- Data for the task -
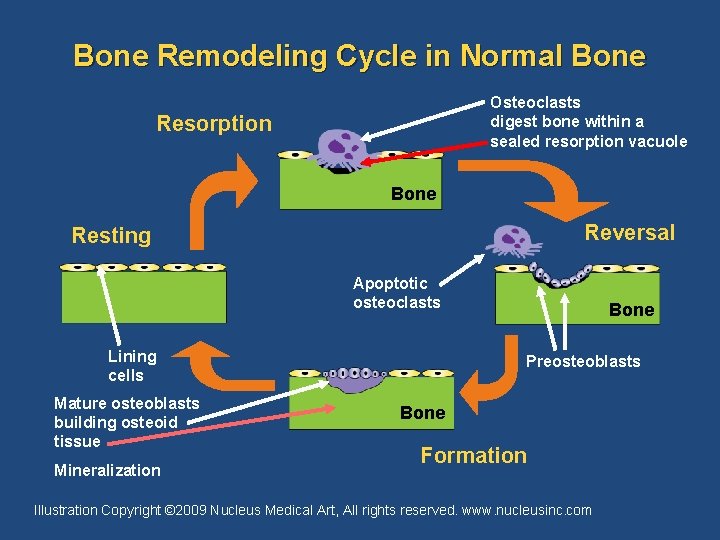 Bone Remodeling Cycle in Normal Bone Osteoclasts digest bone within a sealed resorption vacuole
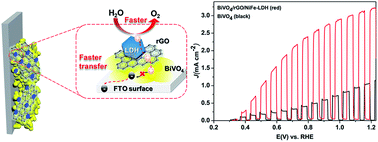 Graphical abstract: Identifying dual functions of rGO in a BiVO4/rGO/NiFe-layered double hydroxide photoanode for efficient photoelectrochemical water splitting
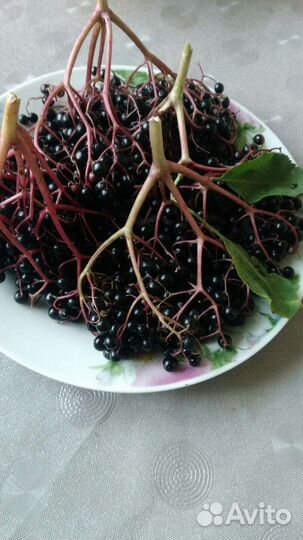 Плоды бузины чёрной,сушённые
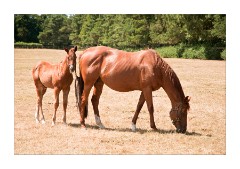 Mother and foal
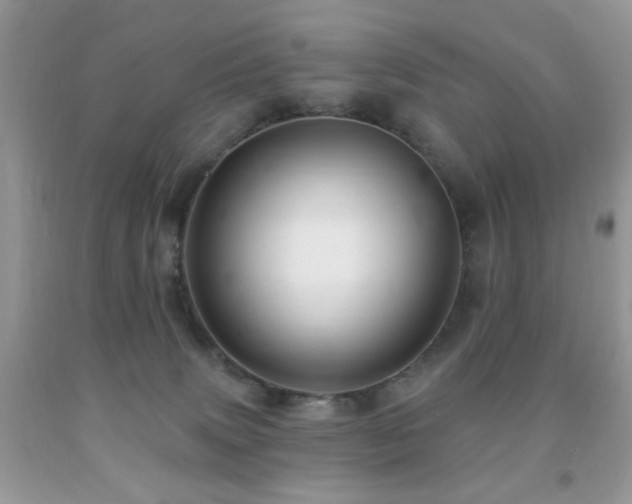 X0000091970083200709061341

---

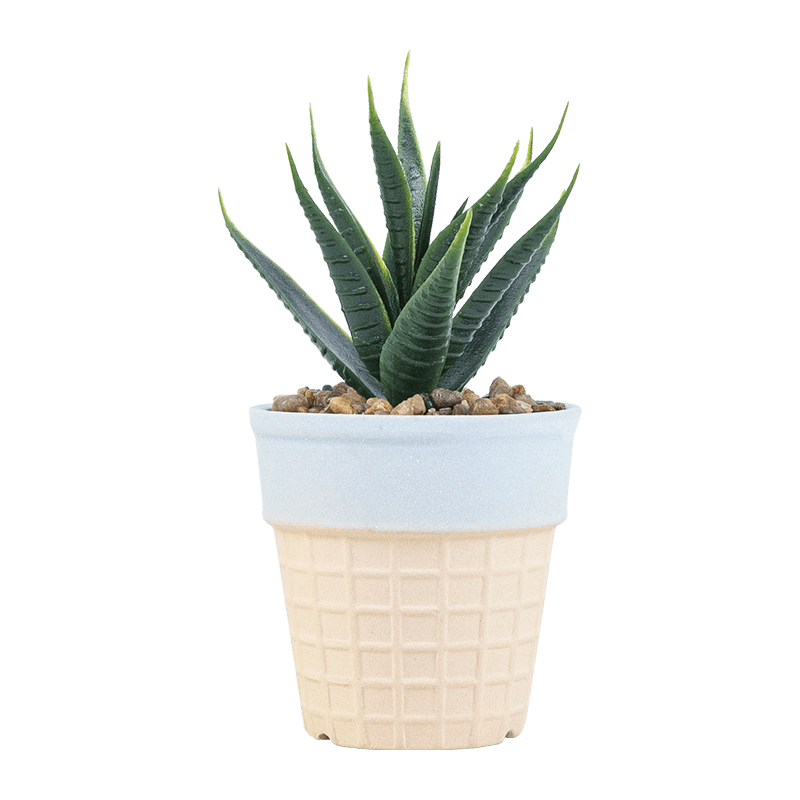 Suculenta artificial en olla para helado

--

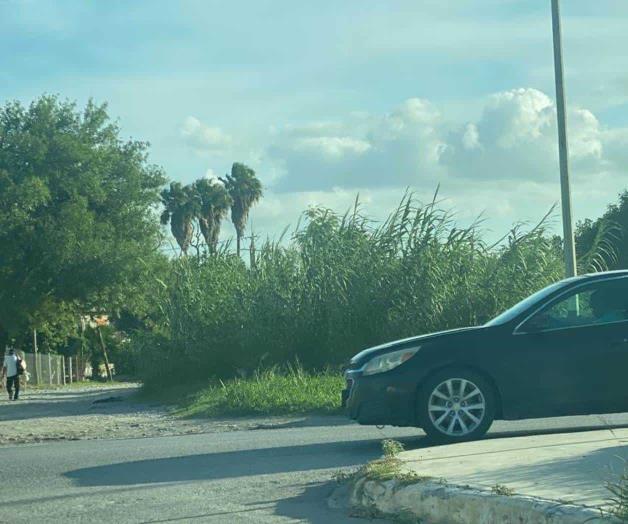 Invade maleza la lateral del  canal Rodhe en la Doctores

- Exercise instructions -
Only the lines starting at the one that includes "Bone Remodeling Cycle" and ending at the one that includes "X0000091970083200709061341" should be retyped, exactly, from the records above; no pictures.

- Exercise solution -
 Bone Remodeling Cycle in Normal Bone Osteoclasts digest bone within a sealed resorption vacuole
 Graphical abstract: Identifying dual functions of rGO in a BiVO4/rGO/NiFe-layered double hydroxide photoanode for efficient photoelectrochemical water splitting
 Плоды бузины чёрной,сушённые
 Mother and foal
 X0000091970083200709061341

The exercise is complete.